Tras muchos años de sufrimiento por fin José obtuvo la libertad. Por medio de la interpretación de un sueño Dios le dio gracia para con Faraón y fue colocado en un lugar de autoridad. Atrás quedaron las lagrimas que derramó dentro de la cisterna, el dolor del alma cuando sus hermanos lo vendieron a los ismaelitas, la falsa acusación de la mujer que lo condeno injustamente y le hizo pasar una larga temporada en la soledad de la cárcel. José fue olvidado por sus compañeros de prisión, por sus hermanos y por todo el mundo menos por el Señor, el cual nunca se olvida de nosotros.

La interpretación de los sueños de Faraón precisamente dio inicio al cumplimiento del sueño que José tuvo cuando era niño. No debemos olvidar que todo cuanto Dios promete él lo cumple a su debido tiempo. De la misma manera que le sucedió a José seguro que nosotros a lo largo de nuestras vidas también vamos acumulando episodios de sufrimientos, dolor, decepción, soledad y traición en nuestros corazones.

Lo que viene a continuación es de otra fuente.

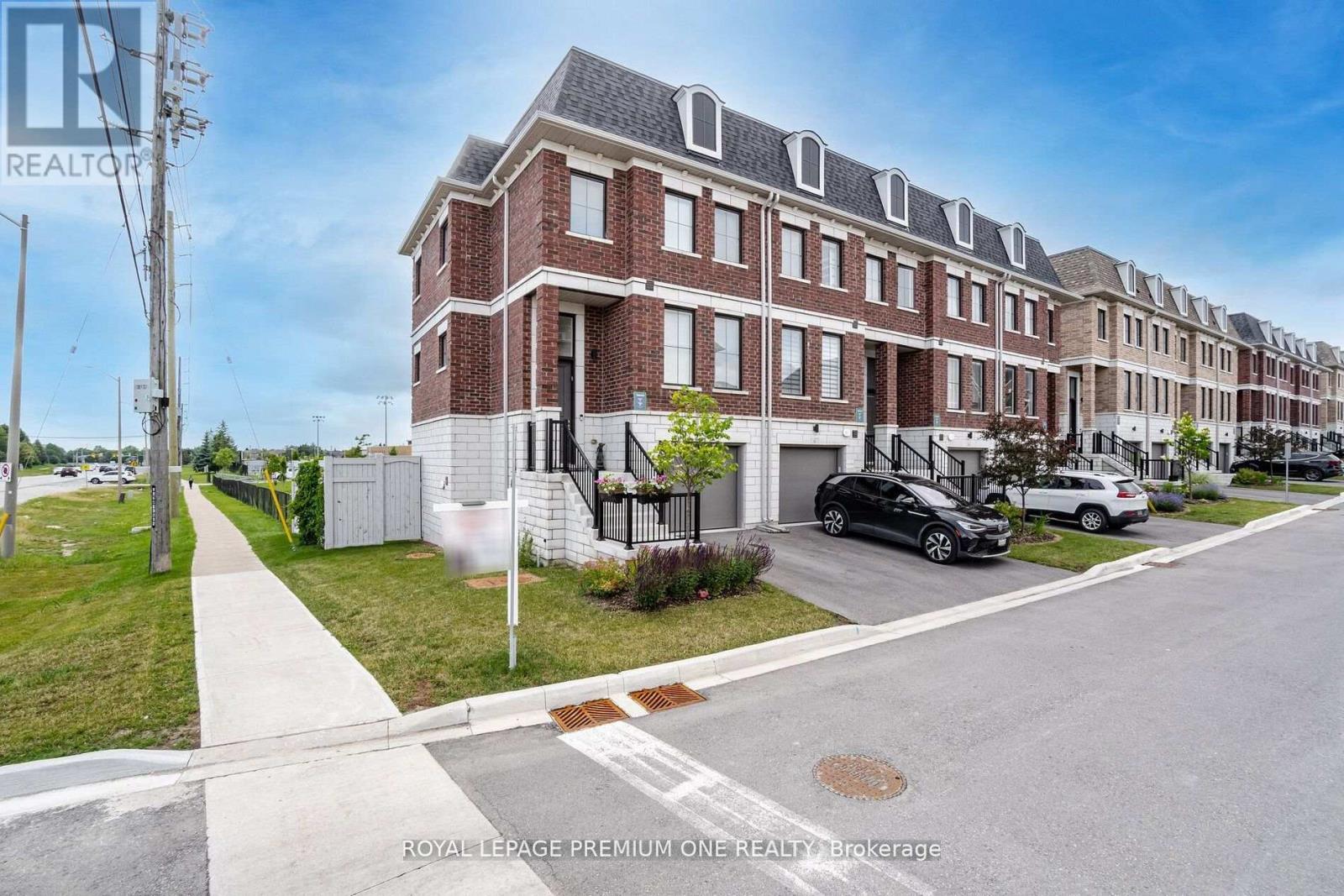 2 Seacoasts Circle, Vaughan, Ontario  L6A 5B6 - Photo 2 - N12936250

Pero Dios a cada uno de los que han confiado en Cristo nos ha prometido un final feliz. La cárcel no es el lugar donde terminaran nuestras almas, Dios ha dicho que al igual que sucedió con José cada uno de sus hijos se sentarán en lugares de autoridad por una eternidad. Estaremos junto a él gobernando por siempre, así que en los momentos de dificultad aférrate al Gozo inefable que tenemos en la salvación futura.  Nunca entierres, ni olvides cada una de las hermosas promesas de Dios porque ellas son las que nos ofrecen paz y esperanza en medio de las tribulaciones.